For the bread, you have two options: with butter (HK$78) or with bone marrow (HK$138). We opt for the latter, the unctuous half-log arriving on a bed of buckwheat grains, with a round French loaf split into quarters. Rich and luscious at first, the softly roasted bone marrow seized up after a few minutes of sitting outside into an unpalatable rubbery consistency, and we left half of it uneaten (the same can’t be said for the bread).
A plate of razor clams (HK$188) arrive next, strewn on the plate with little thought to presentation (we’d prefer the shells intact), but the long, narrow bivalves boast a palatable chew.

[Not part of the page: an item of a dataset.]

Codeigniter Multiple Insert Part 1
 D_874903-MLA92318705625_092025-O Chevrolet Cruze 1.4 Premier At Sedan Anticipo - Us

The clams are sprinkled with nubs of savoury chorizo languishing in a tart vinaigrette, a zing of lemon helping to cut through the fatty pork sausage and oil.
The next appetiser of beef and oyster tartare (HK$168) is much more photogenic; more importantly, the surf-and-turf crudo works surprisingly well with the raw, clean tang of the beef accentuated by the saltiness of chopped-up mollusks. Bits of onions and capers give the tartare a running vein of acidity, capped off by the pop of pickled mustard seeds and served with rustic toast.
For the next dish, the kitchen draws from arroz blanco, a Spanish seafood-style rice typically served with clams or cockles (HK$218), which falls somewhere between a congee and a risotto in consistency. We’re left missing the creamy richness of its Italian counterpart, with the overriding flavour of parsley leaving something to be desired. A tablespoon of creamy sea urchin and surf clam help tether the dish to the ocean but aren’t enough to infuse more flavour into the rice.
The meats fare much better: Wild pigeon (HK$268) bursts with a clean gaminess, but the accompanying miso and grapefruit sauce could be more heavy-handed to really make an impression against the well-executed meat. The New Zealand free range chicken (HK$228) is likewise expertly cooked, taken just to the brink of doneness — as far as you really can take poultry in a restaurant, bearing in mind food safety regulations — with the juicy, succulent meat covering both white and dark meat enhanced by a savoury chicken jus.
For desserts, black figs with dark chocolate make for a natural and delicious pairing (HK$88), although here again plating is an issue, with the ice cream scooped atop two of the fig rings in an odd asymmetrical arrangement. A light vanilla-scented sponge in the Genovese Cake (HK$88) is a refreshing cap to the meal, topped with layers of cream and tart rhubarb.
Overall, dishes are hit-or-miss at Amelia, and diners navigating the menu for the first time could end up with a hefty bill and mixed impressions. That being said, there are definite highlights on the menu — the tartare, the pigeon and roast chicken — and prices are a fair cut below your typical high-brow European-style dining in Hong Kong, with mains hovering around the HK$230 mark. Servers are quick to acquiesce to requests, but aren’t yet well-versed in the menu offerings. While Amelia makes for a decent weekday option if you find yourself in the area, this Michelin import is going to need to bring over a bit more of that San Sebastian magic if it’s to really reach for the stars.
Opening Hours: Mon–Sun lunch from 12–3pm, afternoon tea from 3–5:30pm, dinner from 5:30–11pm (until 12am Fri–Sun).
Recommended Dishes: Homemade bread, razor clams with chorizo, beef and oyster tartare, wild pigeon with seasonal greens, New Zealand free range chicken, Genovese cake with yogurt and strawberry.
Price: HK$600–800 per person with drinks.
Noise Level: Medium, with the best atmosphere on the patio.
Service: Could be more fluent and well-versed on the menu.